> [EXERCISE DATA]
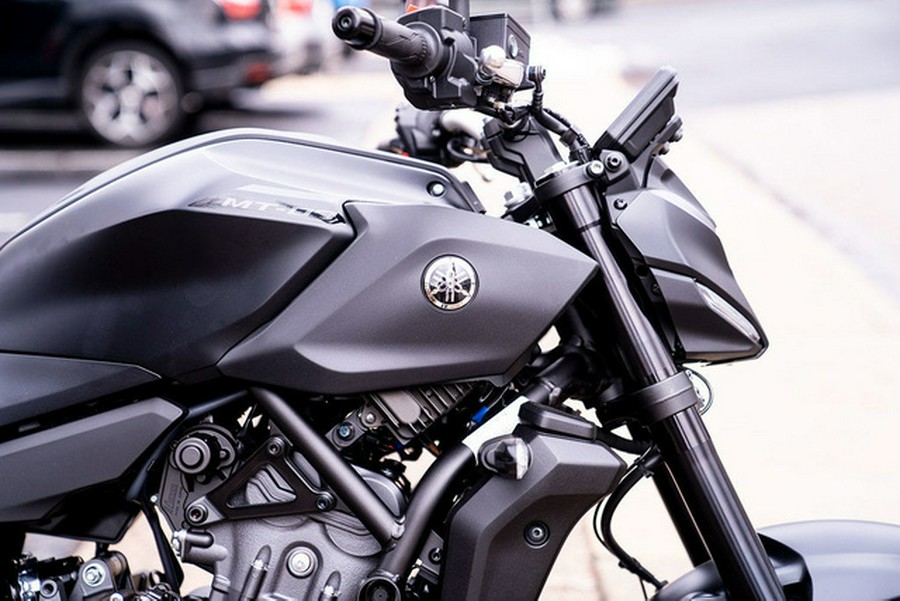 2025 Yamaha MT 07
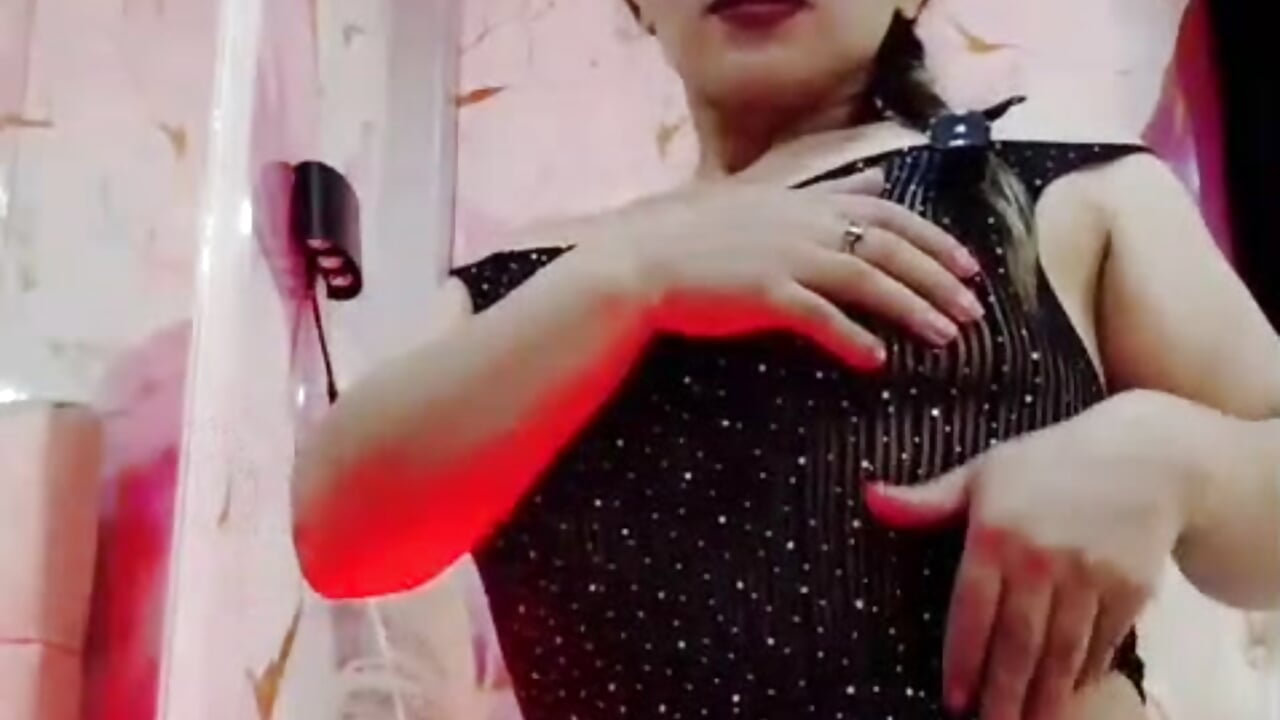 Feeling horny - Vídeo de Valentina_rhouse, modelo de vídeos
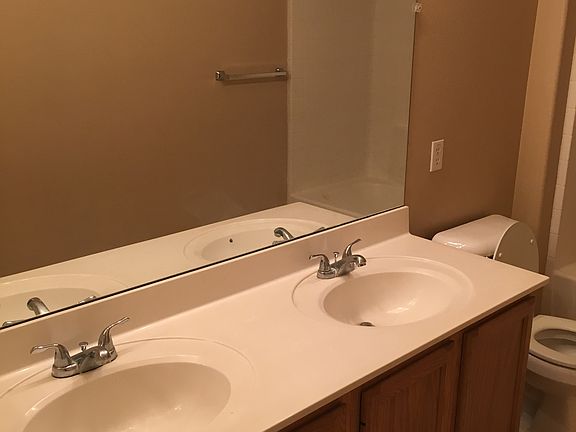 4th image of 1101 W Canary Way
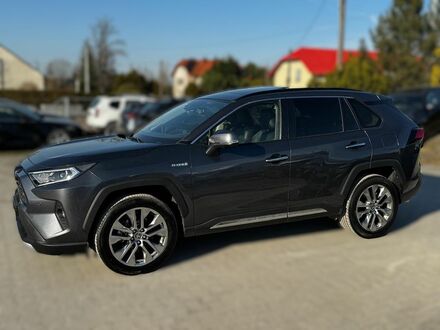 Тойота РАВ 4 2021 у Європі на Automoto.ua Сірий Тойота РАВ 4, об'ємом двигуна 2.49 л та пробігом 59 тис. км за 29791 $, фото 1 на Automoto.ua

> [YOUR GOAL] The whole listing above, word for word: repeat it with the pictures excluded.

> [EXERCISE RESULT]
 2025 Yamaha MT 07
 Feeling horny - Vídeo de Valentina_rhouse, modelo de vídeos
 4th image of 1101 W Canary Way
 Тойота РАВ 4 2021 у Європі на Automoto.ua Сірий Тойота РАВ 4, об'ємом двигуна 2.49 л та пробігом 59 тис. км за 29791 $, фото 1 на Automoto.ua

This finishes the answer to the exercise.